彼は冒険者の街を離れ、王都に向かった。そして花々しい活躍をして――王都の冒険者ギルド本部へと自分の昇格を直訴した。
残念ながら昇格を決定する事の出来る上層部の者達は、大Ⅳ位が早々会えるような人物ではないらしく、受付に言づけを頼むしか出来なかったが、暫くすれば大Ⅱ位は間違いなしだろうと、彼は確信し――帰郷する。
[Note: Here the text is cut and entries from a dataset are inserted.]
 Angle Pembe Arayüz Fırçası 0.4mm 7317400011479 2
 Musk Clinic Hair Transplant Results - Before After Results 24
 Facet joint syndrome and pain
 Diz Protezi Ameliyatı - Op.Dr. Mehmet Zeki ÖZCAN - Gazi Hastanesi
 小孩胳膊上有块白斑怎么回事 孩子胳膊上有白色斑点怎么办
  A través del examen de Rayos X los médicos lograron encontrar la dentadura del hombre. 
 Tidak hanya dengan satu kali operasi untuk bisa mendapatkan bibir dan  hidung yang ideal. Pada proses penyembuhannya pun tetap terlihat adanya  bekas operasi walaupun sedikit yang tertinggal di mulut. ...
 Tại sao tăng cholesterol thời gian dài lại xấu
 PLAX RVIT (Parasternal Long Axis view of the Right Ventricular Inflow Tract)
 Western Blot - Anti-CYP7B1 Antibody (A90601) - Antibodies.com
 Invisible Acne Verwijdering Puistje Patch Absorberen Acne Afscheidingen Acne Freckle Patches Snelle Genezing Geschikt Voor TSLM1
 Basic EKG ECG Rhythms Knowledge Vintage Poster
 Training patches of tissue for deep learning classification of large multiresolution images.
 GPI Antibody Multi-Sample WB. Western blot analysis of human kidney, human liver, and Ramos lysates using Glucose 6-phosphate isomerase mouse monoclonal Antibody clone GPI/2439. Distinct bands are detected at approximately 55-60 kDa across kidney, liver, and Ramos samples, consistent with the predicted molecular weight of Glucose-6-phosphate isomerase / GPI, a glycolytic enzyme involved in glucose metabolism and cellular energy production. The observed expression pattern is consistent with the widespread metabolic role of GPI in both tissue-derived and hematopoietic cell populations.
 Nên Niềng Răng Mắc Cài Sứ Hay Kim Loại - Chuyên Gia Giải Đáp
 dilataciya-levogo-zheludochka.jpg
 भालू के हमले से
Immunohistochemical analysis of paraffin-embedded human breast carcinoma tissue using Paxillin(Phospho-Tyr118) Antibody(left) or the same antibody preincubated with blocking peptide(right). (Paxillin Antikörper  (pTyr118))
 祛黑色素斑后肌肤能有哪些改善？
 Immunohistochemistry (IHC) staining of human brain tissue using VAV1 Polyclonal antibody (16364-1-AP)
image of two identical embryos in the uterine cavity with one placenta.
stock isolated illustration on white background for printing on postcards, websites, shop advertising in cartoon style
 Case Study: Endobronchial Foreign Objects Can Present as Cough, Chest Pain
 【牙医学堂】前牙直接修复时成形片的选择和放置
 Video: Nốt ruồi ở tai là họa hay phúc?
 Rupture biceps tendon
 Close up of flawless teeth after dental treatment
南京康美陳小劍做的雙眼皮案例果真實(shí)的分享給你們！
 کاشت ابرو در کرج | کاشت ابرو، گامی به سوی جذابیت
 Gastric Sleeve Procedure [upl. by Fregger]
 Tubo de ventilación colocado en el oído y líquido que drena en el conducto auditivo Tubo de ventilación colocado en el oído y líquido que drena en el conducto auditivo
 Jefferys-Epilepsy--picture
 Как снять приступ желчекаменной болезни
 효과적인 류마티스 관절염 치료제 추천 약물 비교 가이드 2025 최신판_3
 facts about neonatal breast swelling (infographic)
彼は街へ戻ってくると、自分の家に道具を置いて、冒険者である彼だけがギルドへと向かった。もしかしたら、行き違いで昇格の知らせが届いているかもしれないと期待して。
そこで彼は“ソレ”を見つけた。
何故か“ソレ”は冒険者ギルドにいた。彼は歓喜した。ワザワザ自分を出迎えてくれたのだと。ただ、前に見た時よりも少々美しさが無くなった事に違和感があった。
その違和感の正体はすぐに解った。どうやら“ソレ”はソレの近くにいた、新人制度を明けたばかりの実力も才能も見るからに無い冒険者が、購入したらしい。
彼は怒りに呑まれそうになった。あの同業者は傲慢であるだけでなく、見る目も無かったらしい。よりにもよって、こんな童顔の道具の使い方も知らなそうな新人に、“ソレ”を売るなんて……何より、ソレは――アーニャは自分のモノだ!
だが彼は紳士的にそして、親切にその新人に自分の所有権を説明した。赤子でも解るように簡単にかみ砕いて。しかしその新人もバカだったのか、まったく彼の言うことを聞きはしない。
仕方ないので、彼は金銭面での売却を申し出た。他人の所有物を勝手に購入しておきながら、なぜ自分が買い戻さなくてはいけないのか理不尽極まりなかったが、ここは先達として、大人として行動するべきだろうと我慢した。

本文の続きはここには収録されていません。